Cette recension a été publiée dans le numéro de printemps 2023 de Politique étrangère (n° 1/2023). Laurent Bansept propose une analyse de l’ouvrage de Walter Bruyère-Ostells, Le COS. Histoire des forces spéciales françaises (Perrin/ministère des Armées, 2022, 400 pages).

À l’heure où la page des grandes campagnes de contre-terrorisme semble se tourner, l’année 2022 marque les 30 ans de nombre de structures militaires françaises dont la création entre 1992 et 1993 avait symbolisé un changement d’époque. C’est le cas du Commandement des opérations spéciales (COS), dont l’apparition était une des conséquences des enseignements de la guerre du Golfe. Cet anniversaire a donné lieu à de nombreux évènements et publications parmi lesquelles se distingue ce livre.

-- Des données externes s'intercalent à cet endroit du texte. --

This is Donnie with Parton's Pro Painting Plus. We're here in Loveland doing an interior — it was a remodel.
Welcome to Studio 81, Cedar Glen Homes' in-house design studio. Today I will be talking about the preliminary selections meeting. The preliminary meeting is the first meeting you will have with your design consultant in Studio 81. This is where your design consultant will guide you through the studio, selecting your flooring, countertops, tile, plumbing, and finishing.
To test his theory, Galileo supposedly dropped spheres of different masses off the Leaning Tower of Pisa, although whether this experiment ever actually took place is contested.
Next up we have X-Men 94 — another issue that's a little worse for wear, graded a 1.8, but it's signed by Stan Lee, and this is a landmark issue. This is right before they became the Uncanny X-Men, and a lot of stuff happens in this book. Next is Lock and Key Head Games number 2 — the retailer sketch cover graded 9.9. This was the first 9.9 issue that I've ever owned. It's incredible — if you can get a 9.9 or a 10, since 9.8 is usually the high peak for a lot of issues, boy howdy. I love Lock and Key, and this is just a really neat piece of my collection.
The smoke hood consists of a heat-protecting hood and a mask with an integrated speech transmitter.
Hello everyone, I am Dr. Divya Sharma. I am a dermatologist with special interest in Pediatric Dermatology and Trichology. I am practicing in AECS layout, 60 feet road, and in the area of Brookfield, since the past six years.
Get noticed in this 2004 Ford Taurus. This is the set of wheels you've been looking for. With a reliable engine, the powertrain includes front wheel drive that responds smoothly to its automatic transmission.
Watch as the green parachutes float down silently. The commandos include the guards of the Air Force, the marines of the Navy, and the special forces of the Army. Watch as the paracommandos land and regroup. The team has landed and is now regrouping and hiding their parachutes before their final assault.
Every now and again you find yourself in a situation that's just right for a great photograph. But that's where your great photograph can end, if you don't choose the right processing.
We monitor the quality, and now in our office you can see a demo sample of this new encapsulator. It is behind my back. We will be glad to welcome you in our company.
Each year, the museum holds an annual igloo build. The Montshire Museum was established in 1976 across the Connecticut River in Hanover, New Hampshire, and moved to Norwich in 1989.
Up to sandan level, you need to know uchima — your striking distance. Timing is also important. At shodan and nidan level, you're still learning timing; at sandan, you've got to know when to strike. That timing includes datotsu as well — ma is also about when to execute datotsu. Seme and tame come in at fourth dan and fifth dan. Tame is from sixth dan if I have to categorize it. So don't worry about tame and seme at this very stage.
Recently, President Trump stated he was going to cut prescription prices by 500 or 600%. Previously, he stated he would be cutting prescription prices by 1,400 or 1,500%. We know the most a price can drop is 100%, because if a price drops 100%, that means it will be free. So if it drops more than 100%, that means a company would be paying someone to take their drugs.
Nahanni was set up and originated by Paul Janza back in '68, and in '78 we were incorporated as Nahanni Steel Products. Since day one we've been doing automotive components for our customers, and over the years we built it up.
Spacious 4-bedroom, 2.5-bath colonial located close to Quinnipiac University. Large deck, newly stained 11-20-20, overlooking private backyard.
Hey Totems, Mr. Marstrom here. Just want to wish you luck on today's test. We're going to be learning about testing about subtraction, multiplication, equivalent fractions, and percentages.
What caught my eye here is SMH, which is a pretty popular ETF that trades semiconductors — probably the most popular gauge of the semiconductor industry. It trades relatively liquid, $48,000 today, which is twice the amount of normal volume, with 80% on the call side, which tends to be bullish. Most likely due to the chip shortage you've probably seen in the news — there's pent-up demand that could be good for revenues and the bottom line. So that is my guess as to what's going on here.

Les ouvrages sur les forces spéciales se sont surtout intéressés jusqu’ici aux individus et aux opérations. Si cette dimension est essentielle, elle ne saurait expliquer et montrer à elle seule toute la place prise par les opérations spéciales dans la stratégie de la France – et pas seulement dans le domaine du contre-terrorisme.

Offrant au COS l’histoire officielle qui lui manquait, l’auteur retrace la genèse des unités spéciales françaises et leurs caractéristiques, rappelant que leur très forte identité constituait un défi majeur pour le projet d’un commandement opérationnel interarmées. S’appuyant sur des témoignages inédits, il décrit la mise en place du COS sans rien cacher des difficultés qui ont accompagné sa création, notamment sur le plan organique. Il revient ensuite plus en détail sur trente années d’engagements opérationnels, avec le grand mérite de rappeler la place déterminante des forces spéciales dans les conflits contemporains, pour agir là où un large déploiement ou une action visible étaient impossibles, ou pour obtenir des effets précis et maîtrisés.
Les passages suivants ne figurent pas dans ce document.